Interpretable machine learning models for medical imaging
Deep learning models have achieved unprecedented success in the diagnosis of diseases from medical imaging, with the potential to provide faster and more accurate medical diagnosis.
However, a major limitation that has prevented the widespread deployment of deep learning in healthcare is the models’ black-box nature. Current deep learning models do not provide any indication of what evidence was used for classification, which limits trust and confidence in the model outputs.
Inspection of existing models has found that spurious correlations in the training data not related to the disease (such as ‘portable’ labels on x-ray images, which give an indication of a patient’s condition but do not constitute the disease) have been used to make classifications.
Accepting model outputs without any evidence of the decision-making process could result in misdiagnosis. On the other hand, existing studies on interpretability only rely on small sample sizes for training, which leads to an increased risk of overfitting and misinterpretation, especially in complex models.
To alleviate the aforementioned problems, this project will develop a user interface which aims to improve explainability of deep learning models when applied to medical imaging by removing spurious dimensions of the data and introducing non-stationarity in the training process, as well as generating transferable synthetic data on which the accuracy of the models can be validated.

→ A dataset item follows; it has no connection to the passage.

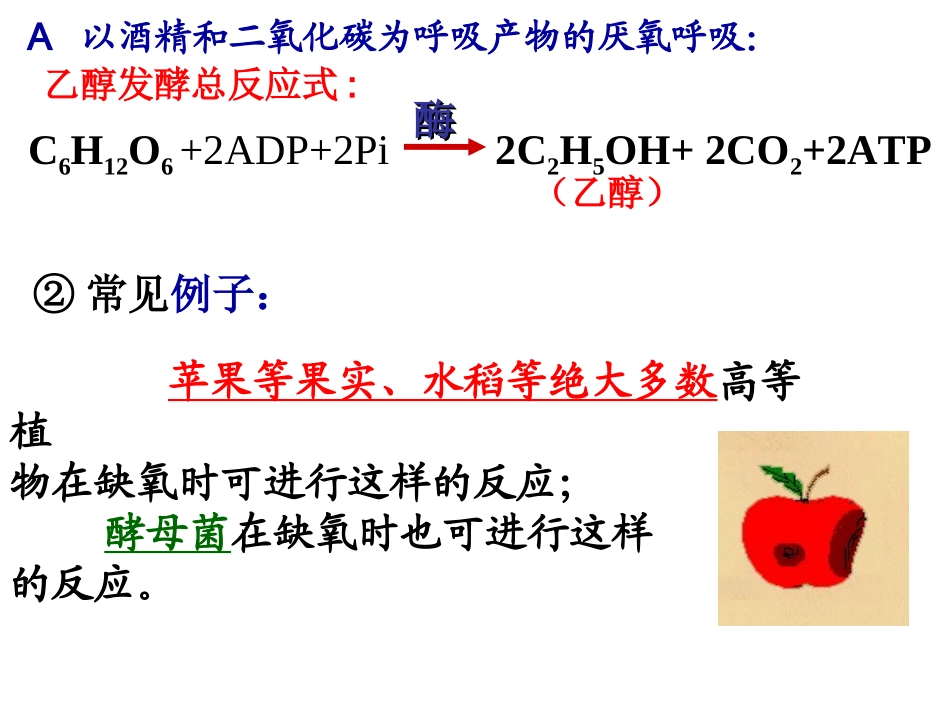 高中生物浙科版细胞呼吸课件_第2页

This interface will help medical practitioners in providing faster and more accurate diagnosis and healthcare. This project builds upon the team’s existing work and expertise in computer vision for medical imaging, stationarity analysis, and building of interpretable and transferable models.
This will be combined with our recent work that provides the ability to understand both where an image contributed to a model’s output and what features of the model were used in the decision making.